* **Instructions to follow**
Extract each line of the material that follows exactly and omit its pictures.
::: Provided material :::
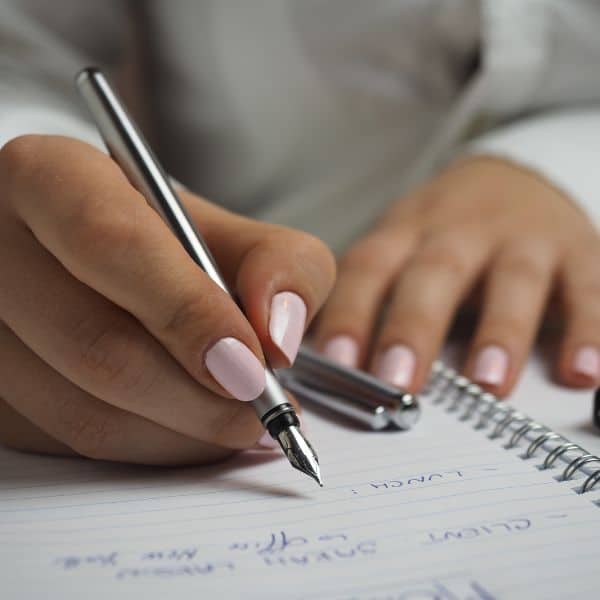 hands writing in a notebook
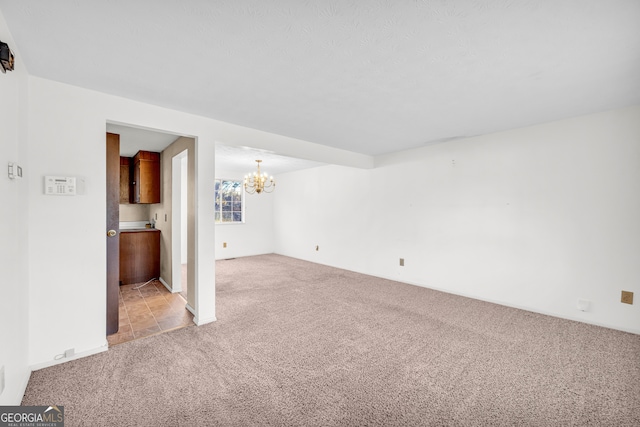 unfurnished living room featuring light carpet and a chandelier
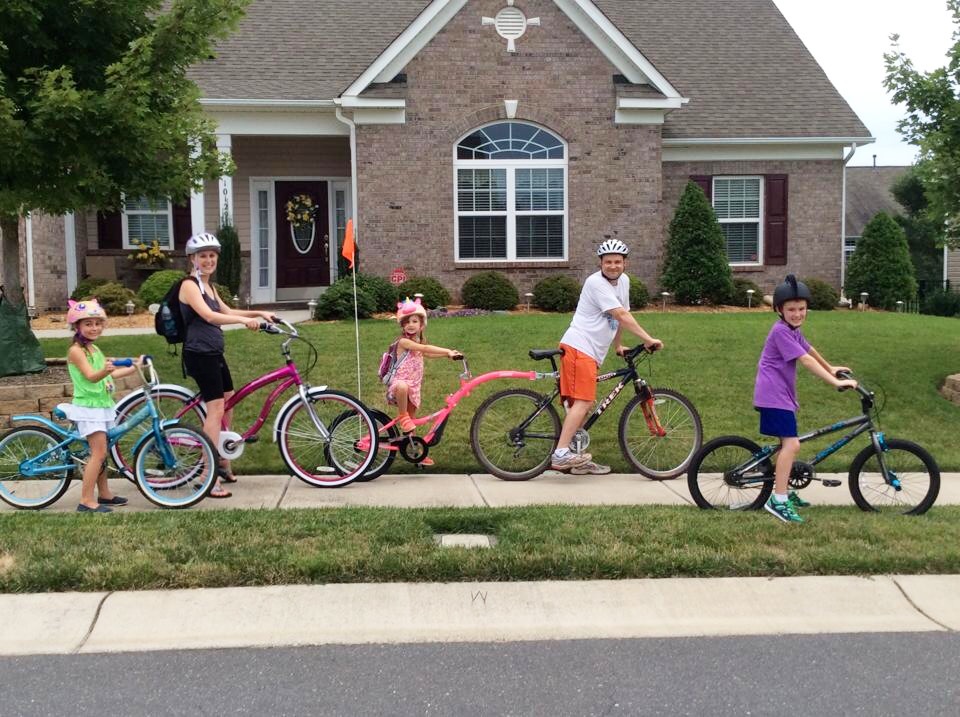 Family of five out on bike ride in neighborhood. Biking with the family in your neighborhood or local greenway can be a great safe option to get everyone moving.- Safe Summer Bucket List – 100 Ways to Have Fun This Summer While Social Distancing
:::
* **Written response**
 hands writing in a notebook
 unfurnished living room featuring light carpet and a chandelier
 Family of five out on bike ride in neighborhood. Biking with the family in your neighborhood or local greenway can be a great safe option to get everyone moving.- Safe Summer Bucket List – 100 Ways to Have Fun This Summer While Social Distancing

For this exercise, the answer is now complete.